La locuzione latina Ex nihilo nihil fit (letteralmente ‘Nulla viene dal nulla‘), introdotta un paio di millenni fa dal filosofo Tito Lucrezio Caro, ha trovato nei secoli più sostenitori che oppositori. Fino all’avvento di un tennista russo praticamente sconosciuto.

Se parliamo infatti di cose buone che sono venute fuori dal nulla, per cercare di dimostrare che qualcosa può manifestarsi senza o con pochissime premesse, è difficile battere l’ascesa di Aslan Karatsev. Di solito la regina delle domande retoriche sugli outsider del circuito – ‘Ma da dove è uscito questo qui?‘ – trova sempre una risposta, quando ci si rivolge agli interlocutori giusti. Anche se a volte è necessario disturbare qualche allenatore di gioventù, il custode di un circolo, un collega che lo ha visto giocare da piccolo. Il caso del 27enne nato a Mosca sembra fare eccezione. Karatsev è davvero passato in un anno dal contesto più somigliante al nulla tennistico (ci sia consentita l’iperbole), quel frustrante ping pong tra circuito challenger e Futures dal quale a inizio 2020 sembrava essersi faticosamente affrancato, a un contesto in cui non sembra così sensazionalistica l’idea di considerarlo uno dei giocatori più temibili sul cemento. D’improvviso e senza segnali, a ventisette anni, che è la parte più strana della questione.
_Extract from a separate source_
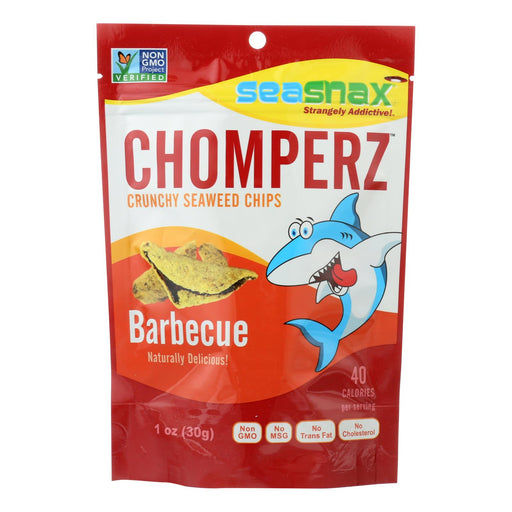 Seasnax Chomperz Crunchy Seaweed Chips - Barbecue (Pack of 8) - 1 Oz. - Cozy Farm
Questo non significa che Karatsev vincerà necessariamente altri tornei quest’anno o in carriera, dopo aver dominato la concorrenza a Dubai, o che a 27 anni prenderà improvvisamente a contendere gli Slam a Djokovic e Nadal. Non divaghiamo troppo. Significa che la semifinale dell’Australian Open non è stato un risultato così casuale come a primo impatto poteva sembrare. E significa soprattutto che Aslan Karatsev sa giocare a tennis assai bene, non tira soltanto forte, anche se non abbiamo idea di quanto possa reggere a questo livello. Sappiamo però che se gioca così – e lo ribadiamo, potrebbe svegliarsi domattina e non riuscire più a ritrovare il bandolo della matassa – per batterlo servono quelli forti davvero. Anche perché gente come Rublev, che forte lo sarebbe già ed è nel picco della sua carriera, a Dubai non è riuscita a fermarlo.

 

Sappiamo che è una dichiarazione forte, dunque contestualizziamo il così. Karatsev gioca un tennis esaltante innanzitutto perché è dotato di due colpi di rimbalzo formidabili, che porta senza fatica e con i quali accelera con estrema naturalezza. Fin qui nulla di strano, i grandi colpitori in questa epoca non mancano. Il russo però è capace di generare potenza e velocità con i piedi piantati sulla riga, sfruttando un timing di primo livello che sul rovescio ricorda quello del miglior Tomic (quando ha voglia, quindi tre volte all’anno – e ora neanche) e sul dritto… onestamente nessuno. I grandi dritti di questa epoca sono capolavori di forza bruta, opere di pura potenza – le prime due menzioni sono per Nadal e del Potro, che al loro prime hanno fatto più danni delle cavallette con quel colpo.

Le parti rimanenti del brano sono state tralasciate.